Exercise objective>
If an entry holds a picture, drop the picture but restate the entry word for word.

[Dataset entries]
§
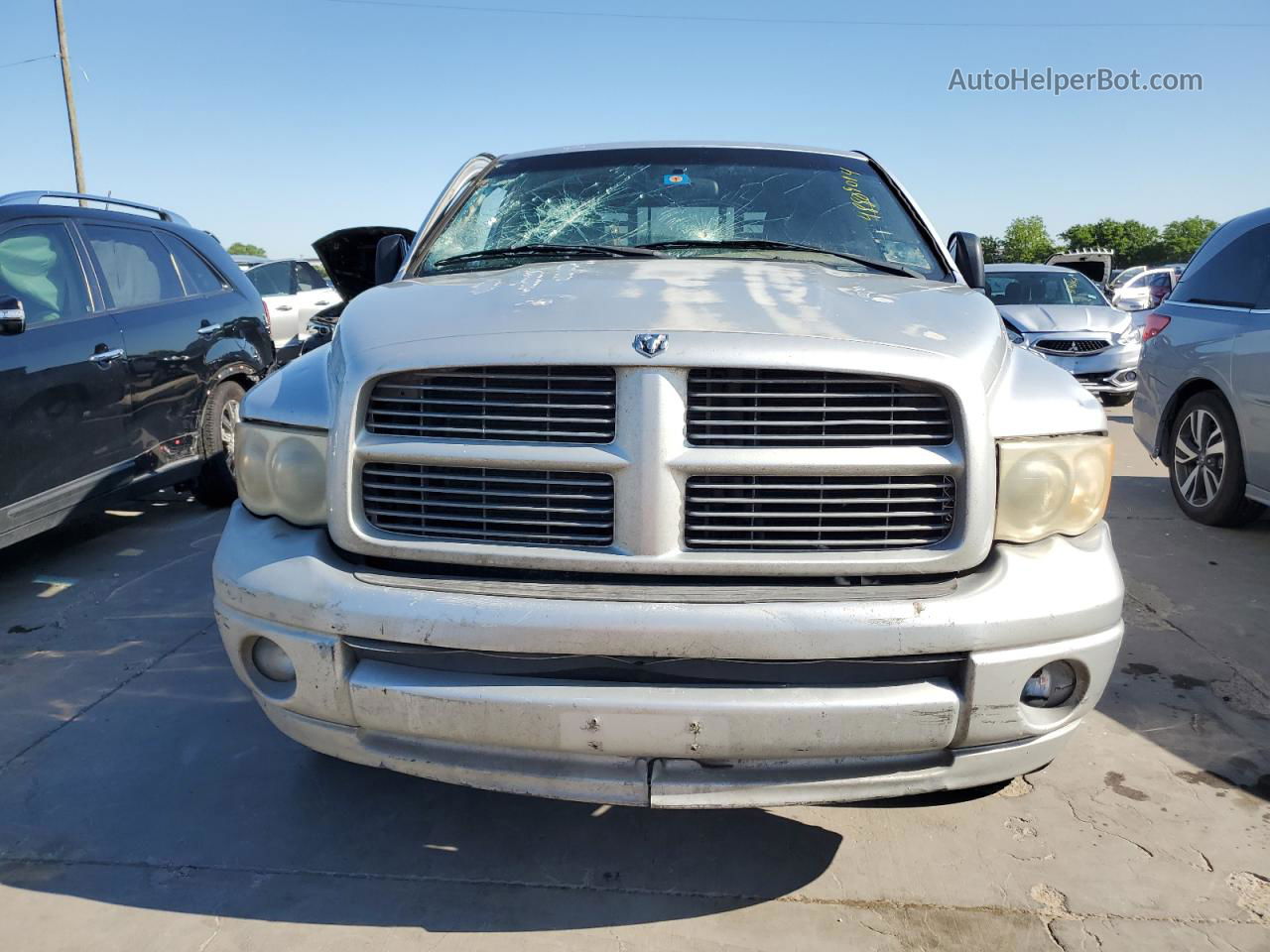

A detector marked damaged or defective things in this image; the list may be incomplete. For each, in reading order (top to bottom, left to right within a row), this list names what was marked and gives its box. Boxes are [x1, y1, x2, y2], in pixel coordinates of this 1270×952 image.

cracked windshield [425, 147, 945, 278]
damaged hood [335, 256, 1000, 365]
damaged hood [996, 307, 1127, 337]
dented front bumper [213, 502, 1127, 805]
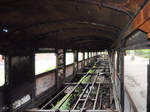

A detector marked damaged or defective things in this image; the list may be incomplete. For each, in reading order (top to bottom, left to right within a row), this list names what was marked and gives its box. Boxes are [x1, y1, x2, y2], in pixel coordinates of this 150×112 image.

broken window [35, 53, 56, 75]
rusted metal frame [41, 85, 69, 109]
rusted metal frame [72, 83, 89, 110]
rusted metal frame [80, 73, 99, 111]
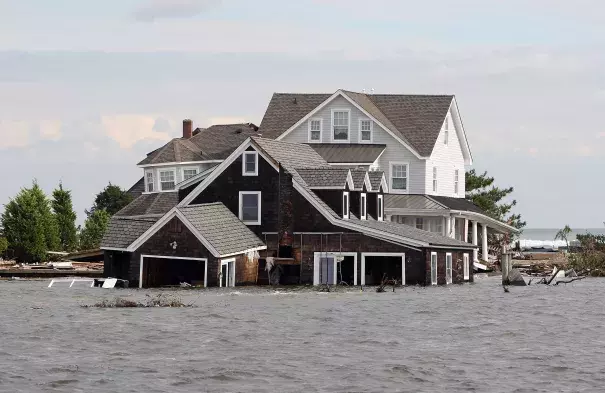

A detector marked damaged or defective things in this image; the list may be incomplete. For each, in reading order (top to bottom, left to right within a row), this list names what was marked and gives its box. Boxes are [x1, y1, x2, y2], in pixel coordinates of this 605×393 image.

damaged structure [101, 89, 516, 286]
§
Completed task>
A detector marked damaged or defective things in this image; the list may be incomplete. For each, in reading order (top to bottom, left to right within a row), this list names what was marked and gives its box. Boxes are [x1, y1, x2, y2], in pixel coordinates of this 1270×952 image.

cracked windshield [425, 147, 945, 278]
damaged hood [335, 256, 1000, 365]
damaged hood [996, 307, 1127, 337]
dented front bumper [213, 502, 1127, 805]

A detector marked damaged or defective things in this image; the list may be incomplete. For each, in reading order (top to bottom, left to right within a row), this list names what was marked and gives its box. Boxes are [x1, y1, x2, y2], in pixel coordinates of this 150×112 image.

broken window [35, 53, 56, 75]
rusted metal frame [41, 85, 69, 109]
rusted metal frame [72, 83, 89, 110]
rusted metal frame [80, 73, 99, 111]

A detector marked damaged or defective things in this image; the list may be incomplete. For each, in reading order (top to bottom, left to right within a row), this list names what was marked and gives its box. Boxes are [x1, y1, x2, y2], in pixel coordinates of this 605×393 image.

damaged structure [101, 89, 516, 286]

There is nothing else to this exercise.